• _PROBLEM REQUIREMENTS_
The entries below hold a line with "天津電科院：開展對外服務網站安全備案情況集中排查" and a line with "5782431-空間動作シス". Return those lines and all that lie between them, exactly and only.

• _THE RECORDS_
· · · · ·

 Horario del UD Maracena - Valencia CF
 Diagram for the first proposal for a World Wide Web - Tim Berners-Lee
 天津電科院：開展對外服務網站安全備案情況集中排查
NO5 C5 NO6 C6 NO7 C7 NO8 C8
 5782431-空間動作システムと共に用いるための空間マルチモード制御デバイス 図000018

· · · · ·

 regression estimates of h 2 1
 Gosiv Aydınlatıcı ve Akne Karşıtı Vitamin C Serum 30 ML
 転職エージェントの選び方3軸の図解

· · · · ·

• _ANSWER BOX_
 天津電科院：開展對外服務網站安全備案情況集中排查
NO5 C5 NO6 C6 NO7 C7 NO8 C8
 5782431-空間動作システムと共に用いるための空間マルチモード制御デバイス 図000018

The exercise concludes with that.